Thursday, April 9, 2026

The Art of the Dud Deal

 

 

Following the war with Iran, Trump's book will be reprinted under a new title: "The Art of the Dud Deal". After all, the "deal" he achieved is the worst deal for the USA and the rest of the world: the Iranian regime is still in power, it can still make an atomic bomb, and it now controls the Strait of Hormuz - and possibly the Bab el-Mandeb Strait.

 

Passage through the Red Sea is now also under threat. Another dud deal.

 

He went to war to ensure that Iran never acquired a nuclear bomb. The war ended — for now, at least — with a demonstration that Tehran possesses an arguably more powerful weapon of deterrence against future attacks, one that is cheaper to use, gives Iran enormous sway over the global economy, can bring in more revenue than its oil sales, and can’t be negotiated away: the narrow Strait of Hormuz.

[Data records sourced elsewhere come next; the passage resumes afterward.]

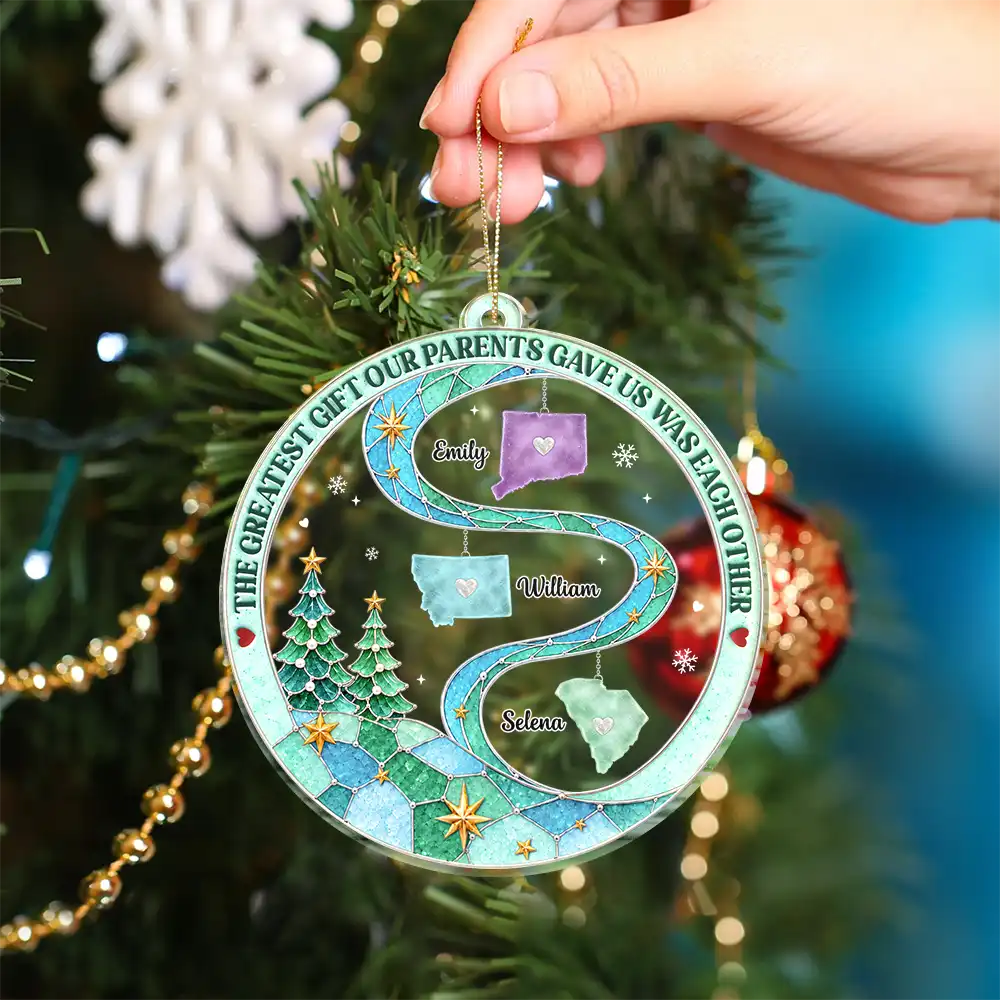 Christmas, Family, Icon, Long Distance, Sentimental, Top Market - Christmas Gift For Long Distance Family - Personalized Love Knows No Distance Acrylic Ornament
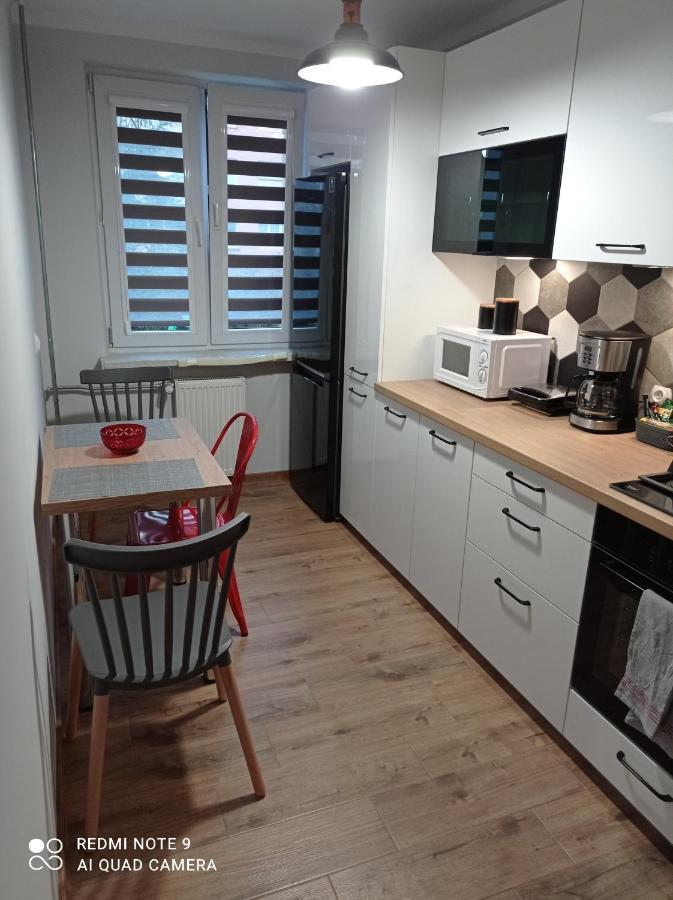 Apartament Na Parterze Стальова-Воля Екстер'єр фото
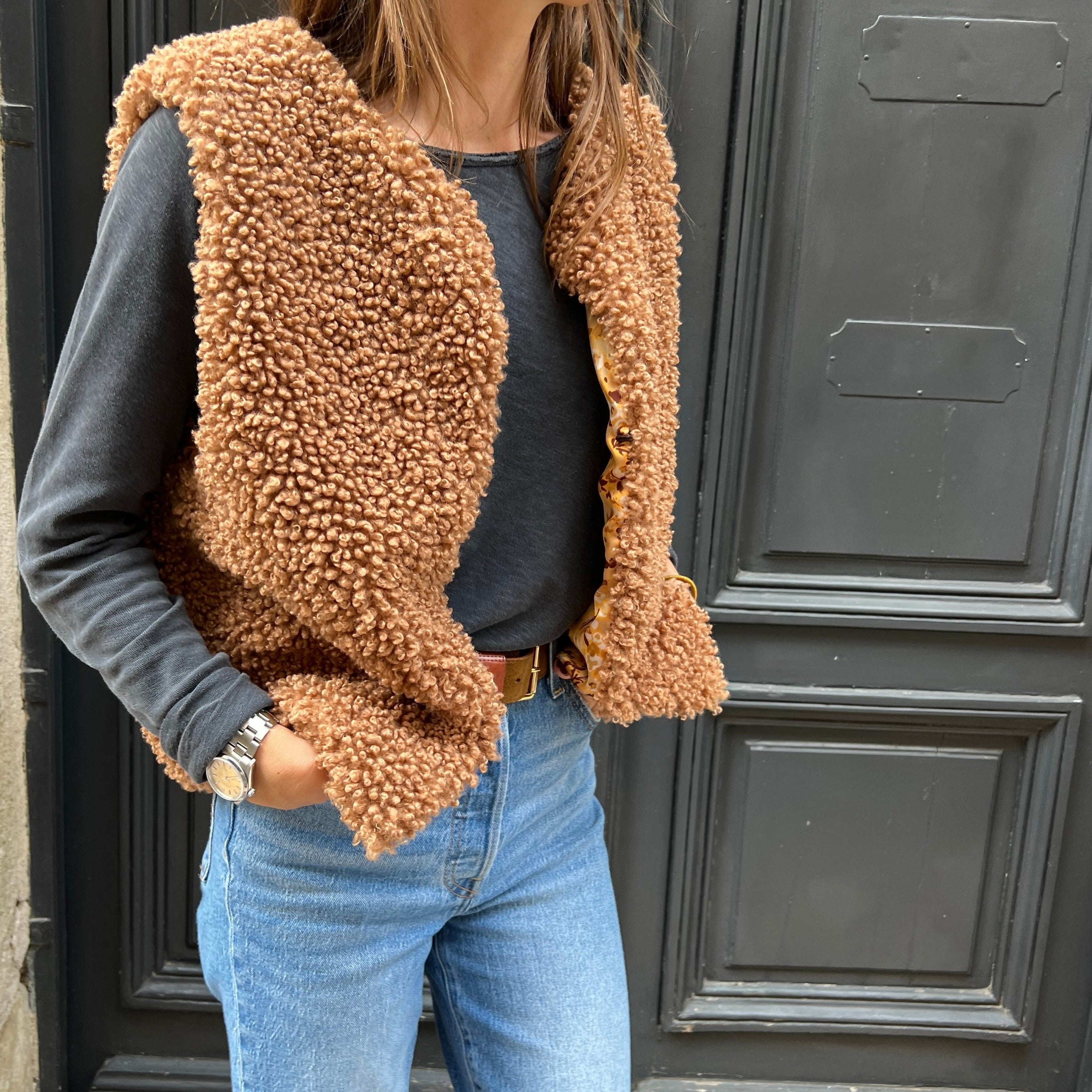 Gilet sans Manche Fausse fourrure Bouclettes Caf?� / Muscade �?? IDK-L?�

For more than 2,500 years, the wealth of empires has often come down to one simple thing: control of chokepoints. In 405 BC, Sparta seized control of the Bosphorus — a critical trade gateway — and sacked Athens without throwing a spear or thrusting a sword.

In the 15th century, Denmark controlled both sides of the Øresund Strait, the narrow passage connecting the North Sea to the Baltic. Every ship carrying grain, timber, or metal between Russia, Sweden, and Amsterdam had to pass through it. King Erik of Pomerania saw the opportunity. He fortified the strait, built a customs house at Helsingør, and taxed every vessel under threat of cannon fire.

Again, after conquering Constantinople in 1453, the Ottoman Empire controlled the Bosporus for four centuries. It was the only passage between the Black Sea and the Mediterranean. The Ottomans treated the Black Sea as a private lake and barred foreign warships. Access was doled out through treaties. With each one granting limited rights to specific nations in exchange for political concessions. Early on, Venice was forced to give up territory and pay hefty fees to continue its trade. Access was never a right. It was a favour, granted on terms that served Istanbul. Even after the empire collapsed, Turkey retained control. Today, Ankara still collects transit fees. It hiked the fees fivefold in 2022, raising annual revenue from US$40 million to US$200 million.

And then there is the obvious one, the Suez Canal, an energy and trade highway that generates US$9 billion in annual revenue for Egypt. Denmark held the Øresund for 400 years. Turkey still collects on the Bosporus after 600 years. The Suez is a huge moneymaker for Egypt.

After this short lecture in history and geography, let's get back to Iran:

More than 12,000 U.S. missiles, bombs, and drones hit Iranian targets over the past five weeks, destroying the country’s navy and much of its military infrastructure. Several of Iran’s leaders and some 1,500 of its citizens were killed, including more than 170 who died in a strike on a girls’ school that was the apparent result of errant targeting. But twelve hours after Trump threatened to destroy Iranian civilisation and weeks after demanding Iran’s "unconditional surrender", the United States agreed to a two-week cease-fire with none of its demands met. Instead, Iran agreed only to reopen the strait, a global waterway that operated freely before the war began, in exchange for two millions dollars for each tanker that passes through it, payable in crypto currency.

 

 

Depending on the outcome of the negotiations over the next two weeks, the regime could actually be in a stronger strategic position than it was before the war. Iran may have lost every military battle, but the war appears to have ended on Tehran’s terms. What a dud deal!